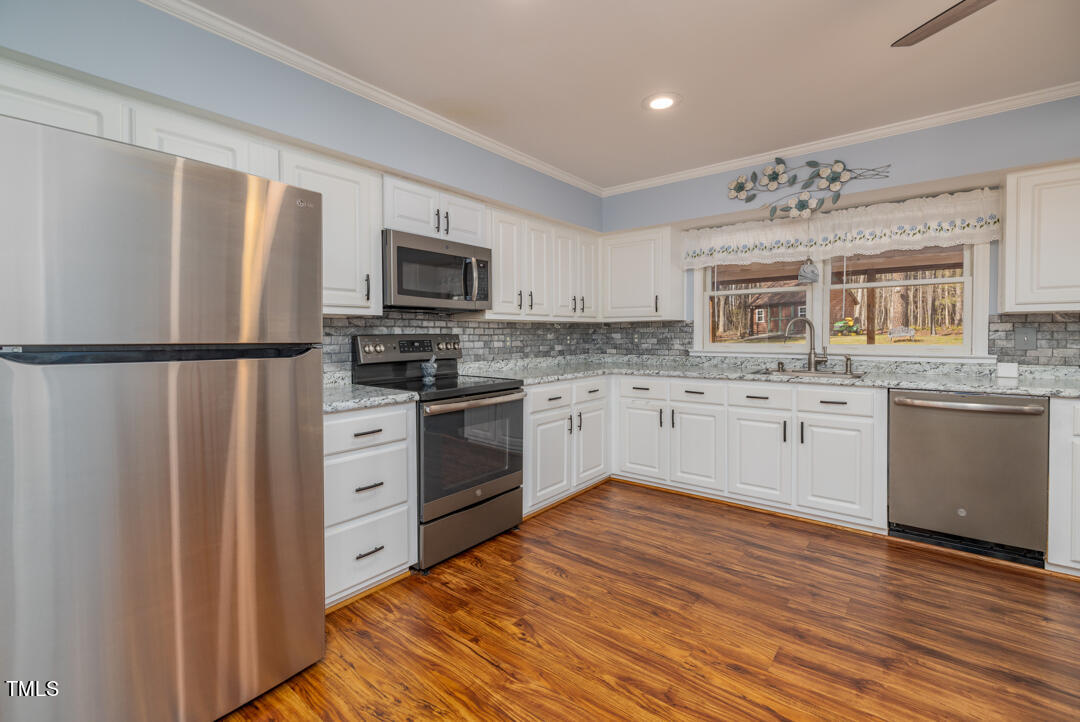 783 Timber Creek Drive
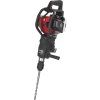 Benzínové bourací kladivo SDS-MAX 65J KD3476 KRAFT&DELE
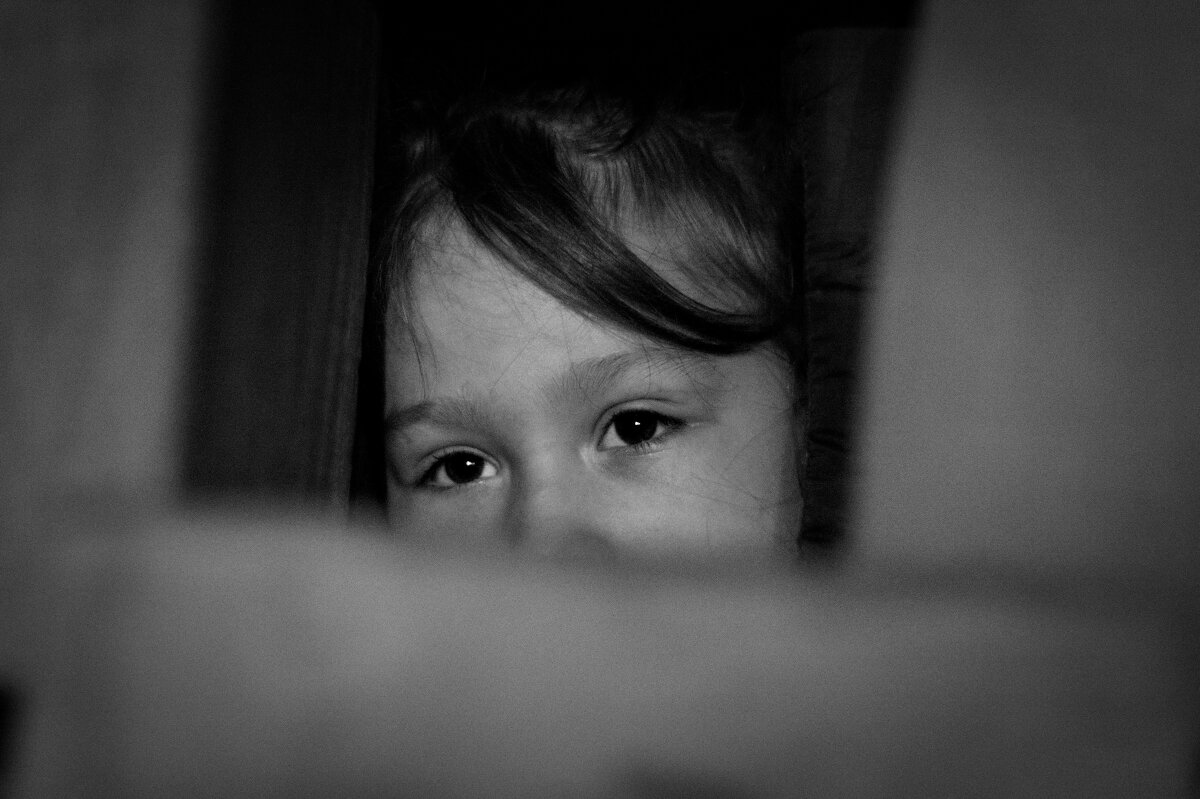 прятки - Артём Евтюхов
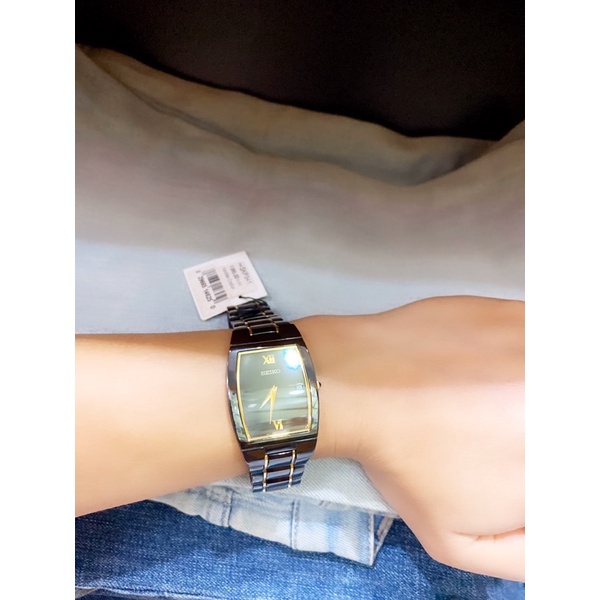 Đồng hồ nam hiệu Seiko Men's SKP341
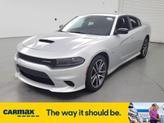 Thumbnail of 2023 Silver Dodge Charger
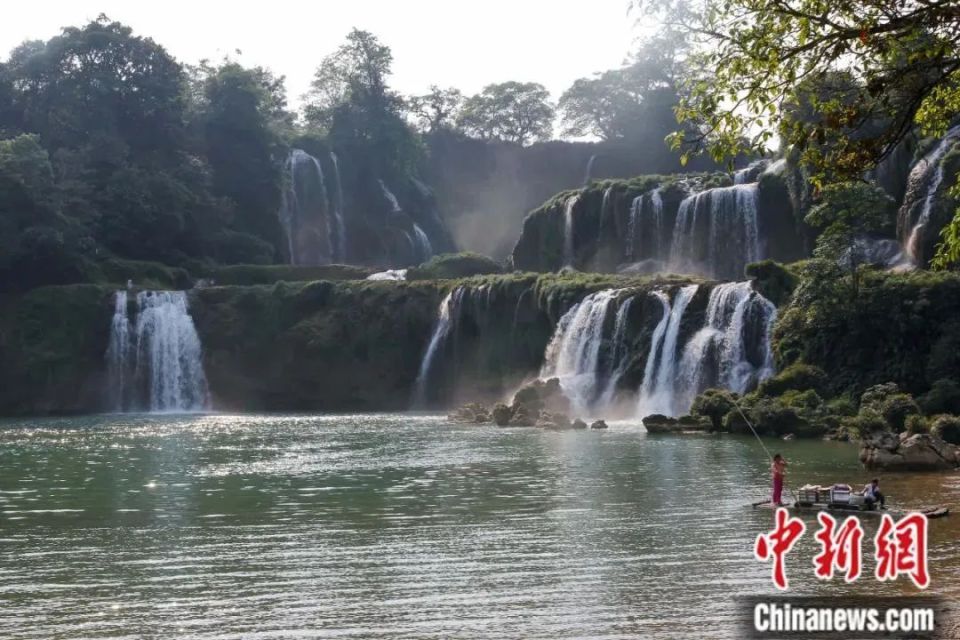 免费!全国学生可免票畅玩广西这些景区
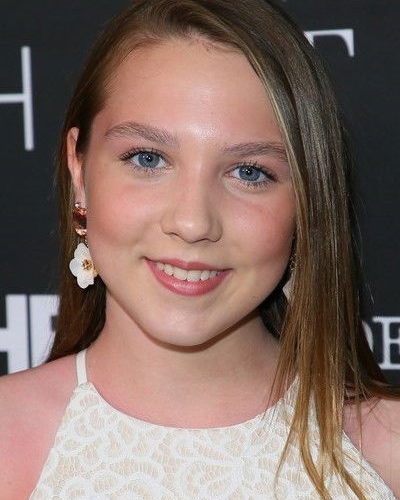 Isabelle Nélisse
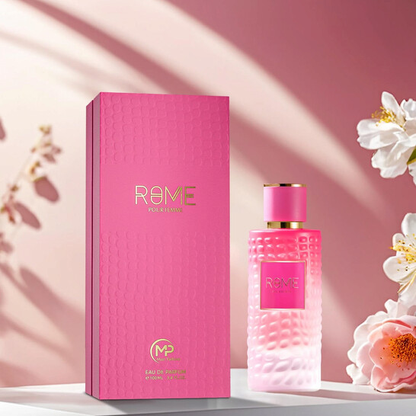 Bharara Mast Perfume Rome Pour Femme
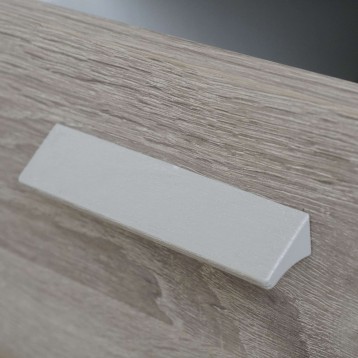 Armario Auxiliar Bajo Detalle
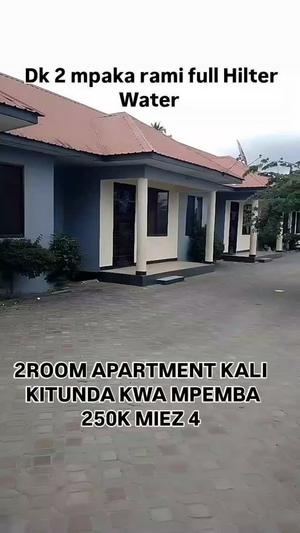 2 Bedrooms Apartment for Rent in Kitunda Kwa Mpemba, Dar Es Salaam 2 Bedrooms Apartment for Rent in Kitunda Kwa Mpemba, Dar Es Salaam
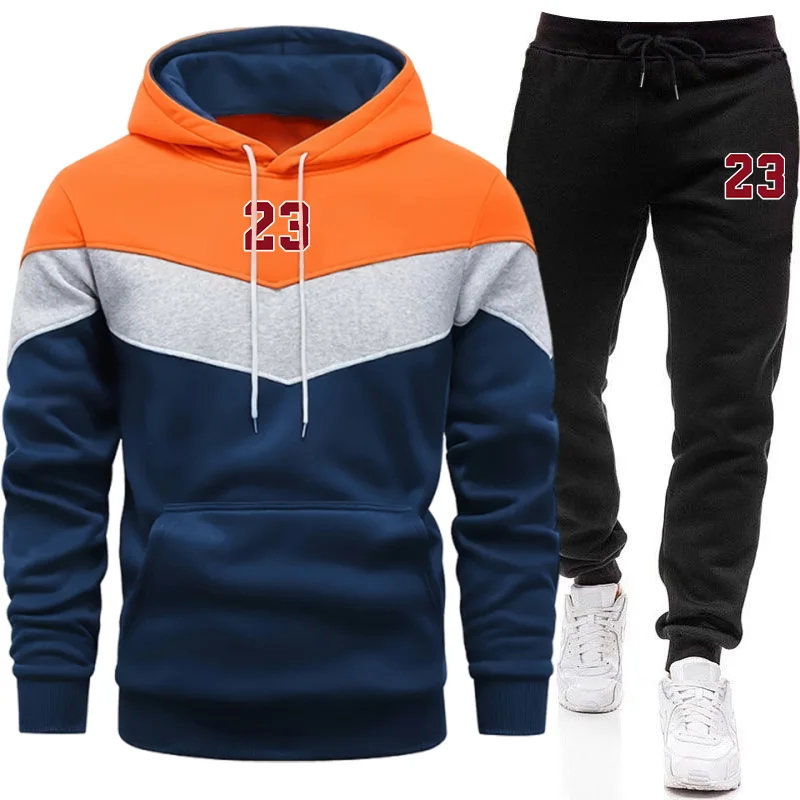 ชุดวอร์มใหม่สำหรับผู้ชาย เสื้อ - Winter Clothing Pants บทวิจารณ์และราคา
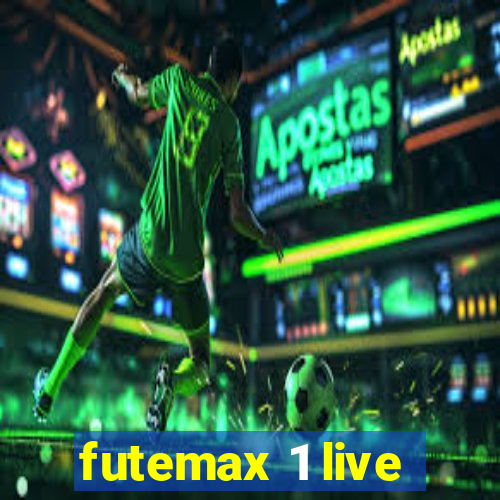 futemax 1 live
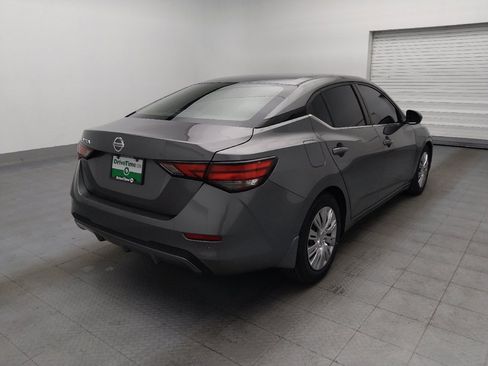 Used 2021 Nissan Sentra S FWD image 9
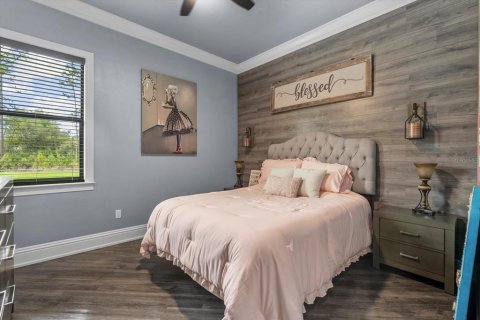 Villa ou maison à vendre à North Port, Floride: 6 chambres, 353.21 m2 № 2211799 - photo 22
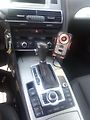 Audi A6 Allroad (2008) C6 F4 - náhled 1
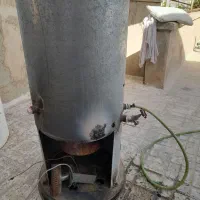 فروش ابگرمکن بلاد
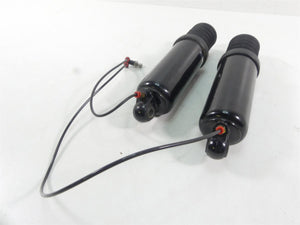 2004 Harley FLHTC SE CVO Electra Glide Rear 12" Air Shock Damper Set 54662-02 | Mototech271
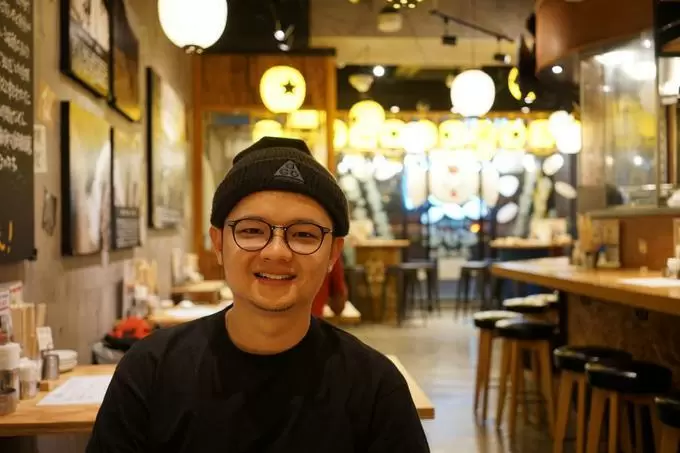 Bobby Chan Image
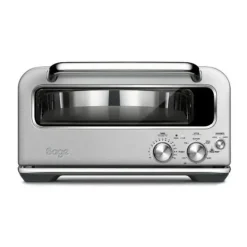 Sage Pizzaiolo Ovn H 27,5 x B 47,2 x D 46 cm - Rustfrit stål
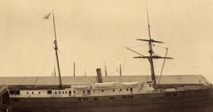 Une épave retrouvée 125 ans après son naufrage dans la baie de San Francisco Une épave retrouvée 125 ans après son naufrage dans la baie de San Francisco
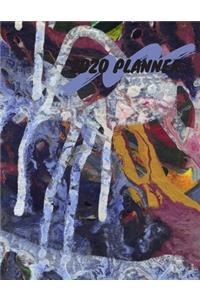 2020 Planner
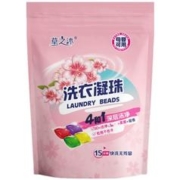 棉小美 持久留香洗衣凝珠 40颗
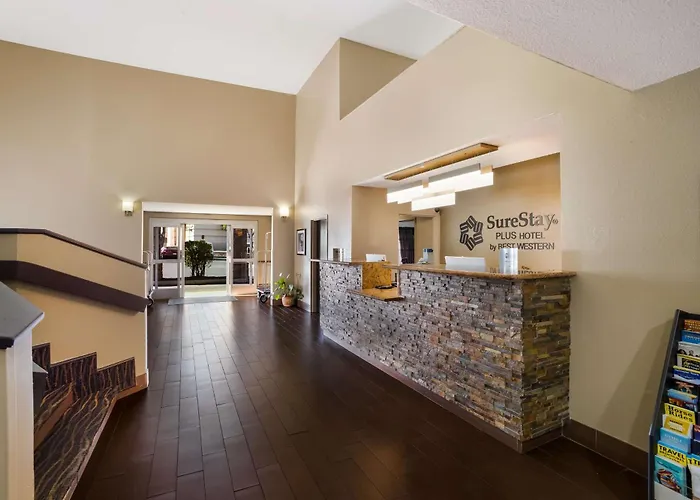 Hotel Surestay By Western Superstition Springs
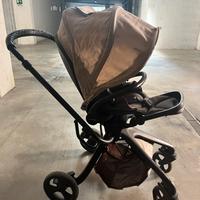 Trio Mamas & Papas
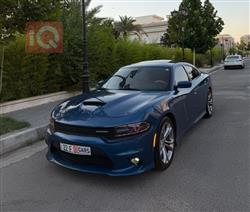 دودج تشارجر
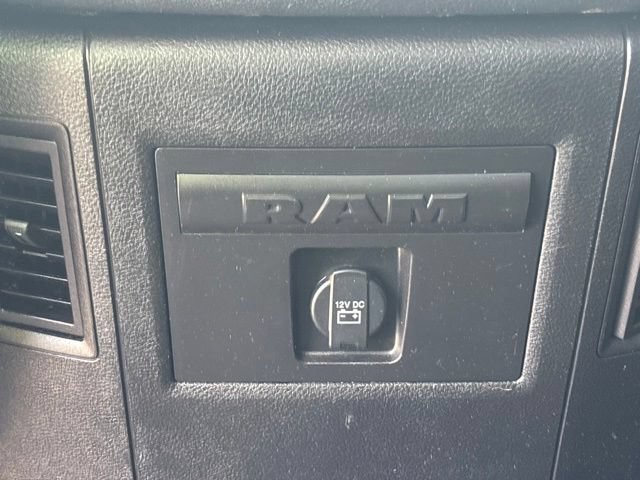 Used 2018 RAM 1500 Sport w/ Sport Premium Group AWD/4WD image 17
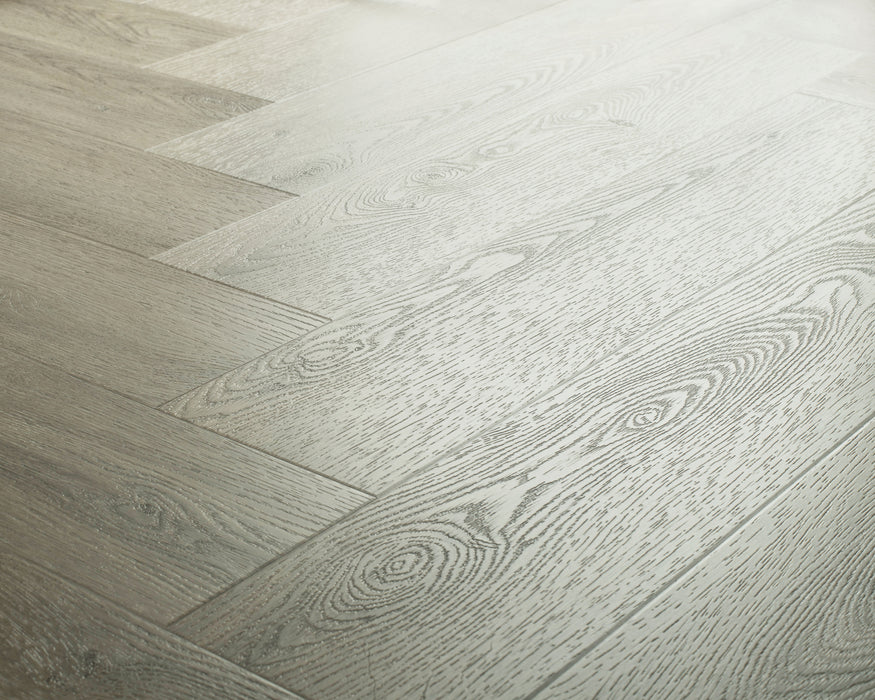 Hebeta Charente Visgraat 7758 | Dryback Lijm PVC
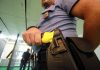 Taser alla polizia locale di Mantova, il sindacato Sulpl: “Favorevoli, si faccia dibattito serio”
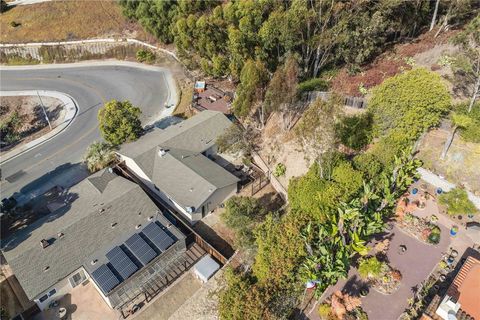 A home in Oceanside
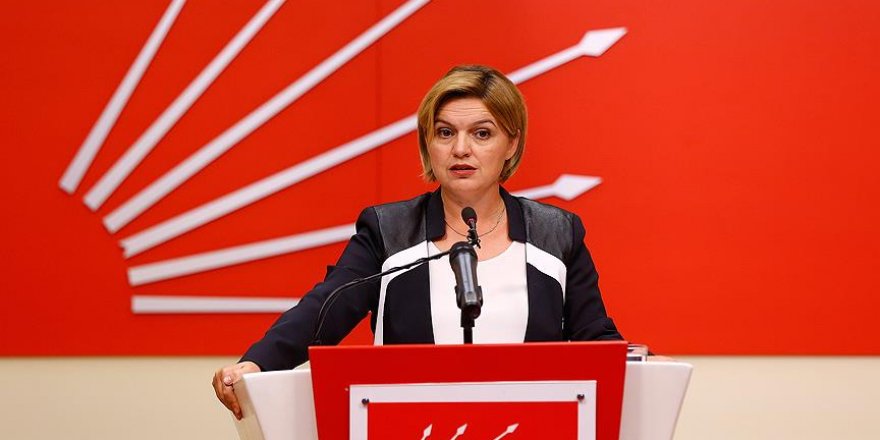 Böke: Türkiye'de en çok kaybedenler kadınlardır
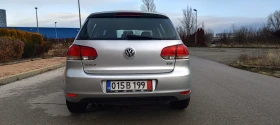 VW Golf GOLF - 6 ; 2.0 TDI, снимка 8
------------------------
## Brief
Pictures are not part of the copy. Extract exactly the lines from the line containing "Used 2021 Nissan Sentra S FWD image 9" through the final line of the entries above, both included.

## Solution for this task
 Used 2021 Nissan Sentra S FWD image 9
 Villa ou maison à vendre à North Port, Floride: 6 chambres, 353.21 m2 № 2211799 - photo 22
 Audi A6 Allroad (2008) C6 F4 - náhled 1
 فروش ابگرمکن بلاد
 2004 Harley FLHTC SE CVO Electra Glide Rear 12" Air Shock Damper Set 54662-02 | Mototech271
 Bobby Chan Image
 Sage Pizzaiolo Ovn H 27,5 x B 47,2 x D 46 cm - Rustfrit stål
 Une épave retrouvée 125 ans après son naufrage dans la baie de San Francisco Une épave retrouvée 125 ans après son naufrage dans la baie de San Francisco
 2020 Planner
 棉小美 持久留香洗衣凝珠 40颗
 Hotel Surestay By Western Superstition Springs
 Trio Mamas & Papas
 دودج تشارجر
 Used 2018 RAM 1500 Sport w/ Sport Premium Group AWD/4WD image 17
 Hebeta Charente Visgraat 7758 | Dryback Lijm PVC
 Taser alla polizia locale di Mantova, il sindacato Sulpl: “Favorevoli, si faccia dibattito serio”
 A home in Oceanside
 Böke: Türkiye'de en çok kaybedenler kadınlardır
 VW Golf GOLF - 6 ; 2.0 TDI, снимка 8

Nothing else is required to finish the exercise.